Movies

Why new film Split does nothing for mental health

17 February 2017

By Lauren E. White

As someone who sees the struggle for mental health awareness and funding parity in their everyday life, I knew that I had to see the new film Split.

Split is based on a man named Kevin with dissociative identity disorder – something many know as multiple personality disorder. Kevin, played by James McAvoy, has 23 different identities, some male, some female, some children, some adult. One of his personalities has a bit of a twist, though – he likes to eat children who are impure. The meaning of impure in this film is someone who has not experienced any pain or trauma in their life, presumably born out of Kevin’s childhood abuse.

The film, written by M. Night Shyamalan, who has had a string of film flops in the recent past, aims to explore the belief that people with DID can have different physical identities, as well as mental ones. For example, one of Kevin’s identities has diabetes while others do not. One of them can also bend metal bars and climb walls like a lizard. Oh, and not to forget the fact that he keeps three teenagers captive, eats one’s stomach, attempts to rape them and eventually kills two of them.

And here we have the crux of the film’s failure.

Shyamalan opted to make this film a thriller-horror hybrid. The issue is that McAvoy’s character is demonised – he’s something to be feared and made a spectacle of on screen. It doesn’t do anything at all to help with mental health stigma – instead it uses it as an interesting new lens for a scary film for teens, many of whom are unaware of the existence of this illness in the first place.

Mental illness is frightening indeed, but not for the reasons posed in the film. It’s frightening for the people actually suffering with it – not for those who don’t and are now wary about people with mental illnesses. One of the reasons they’re frightening is because of films like Split – people with mental illnesses are terrified they’ll be demonised and judged as crazy. Split confirms their fear.

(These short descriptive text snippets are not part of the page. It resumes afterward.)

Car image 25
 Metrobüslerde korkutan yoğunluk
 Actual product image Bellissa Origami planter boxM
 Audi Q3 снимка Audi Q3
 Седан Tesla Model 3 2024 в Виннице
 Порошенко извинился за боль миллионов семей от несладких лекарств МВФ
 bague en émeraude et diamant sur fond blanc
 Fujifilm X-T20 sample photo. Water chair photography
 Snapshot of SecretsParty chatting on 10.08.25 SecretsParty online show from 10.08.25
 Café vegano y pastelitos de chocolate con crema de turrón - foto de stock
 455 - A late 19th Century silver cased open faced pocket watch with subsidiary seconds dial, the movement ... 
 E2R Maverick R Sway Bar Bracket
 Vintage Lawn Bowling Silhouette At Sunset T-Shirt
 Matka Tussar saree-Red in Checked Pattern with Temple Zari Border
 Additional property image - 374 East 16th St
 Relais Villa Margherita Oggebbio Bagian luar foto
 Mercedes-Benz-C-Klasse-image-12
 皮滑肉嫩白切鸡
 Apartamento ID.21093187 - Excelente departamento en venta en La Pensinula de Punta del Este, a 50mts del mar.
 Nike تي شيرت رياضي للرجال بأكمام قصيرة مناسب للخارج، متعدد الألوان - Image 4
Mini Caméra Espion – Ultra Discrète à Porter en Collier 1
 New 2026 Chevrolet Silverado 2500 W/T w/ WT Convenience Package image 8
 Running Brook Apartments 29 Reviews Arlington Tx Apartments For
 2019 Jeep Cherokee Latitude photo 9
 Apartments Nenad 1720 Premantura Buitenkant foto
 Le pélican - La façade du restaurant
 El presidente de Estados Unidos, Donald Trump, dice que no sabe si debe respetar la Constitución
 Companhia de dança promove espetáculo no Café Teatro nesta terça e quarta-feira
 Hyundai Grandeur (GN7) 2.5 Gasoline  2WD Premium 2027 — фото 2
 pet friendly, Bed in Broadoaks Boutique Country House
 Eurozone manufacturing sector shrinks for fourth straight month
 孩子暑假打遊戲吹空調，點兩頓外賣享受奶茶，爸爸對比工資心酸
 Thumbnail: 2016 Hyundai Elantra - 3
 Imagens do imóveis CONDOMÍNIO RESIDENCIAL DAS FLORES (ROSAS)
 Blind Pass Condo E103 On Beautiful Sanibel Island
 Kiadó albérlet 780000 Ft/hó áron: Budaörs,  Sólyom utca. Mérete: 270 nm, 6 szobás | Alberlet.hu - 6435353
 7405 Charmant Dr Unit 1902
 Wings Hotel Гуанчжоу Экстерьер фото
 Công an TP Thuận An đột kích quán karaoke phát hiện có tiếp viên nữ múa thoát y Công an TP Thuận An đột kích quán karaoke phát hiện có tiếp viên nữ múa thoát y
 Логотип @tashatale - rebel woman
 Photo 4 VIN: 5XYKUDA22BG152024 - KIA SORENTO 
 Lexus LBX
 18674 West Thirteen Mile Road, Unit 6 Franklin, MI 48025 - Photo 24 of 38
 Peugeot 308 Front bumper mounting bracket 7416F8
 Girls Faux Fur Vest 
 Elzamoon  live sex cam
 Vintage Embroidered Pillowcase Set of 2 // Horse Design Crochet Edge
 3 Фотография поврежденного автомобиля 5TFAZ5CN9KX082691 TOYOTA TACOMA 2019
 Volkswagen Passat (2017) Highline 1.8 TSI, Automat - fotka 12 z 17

In addition to the appalling representation of people with DID (although they are marvelled at and admired by Kevin’s therapist for being cutting-edge humans, rather than mentally ill), Split pretty much romanticises situations in which people are abused as well as self-abuse. Anya Taylor-Joy, playing Casey Cook – one of the abducted girls – is seen to be sexually abused by her uncle all through her childhood and as a result has self-harmed. Her life at the end of the film is spared because Kevin sees her scars and recognises her suffering.

The idea of making a film about DID or any mental health disorder has so much potential to educate and change the minds of the masses. Split treats those with mental illness as inhuman things to be feared before romanticising a different aspect of mental illness. Its selectivity and insensitivity is disappointing. Hopefully one day someone will get a film from this lens just right.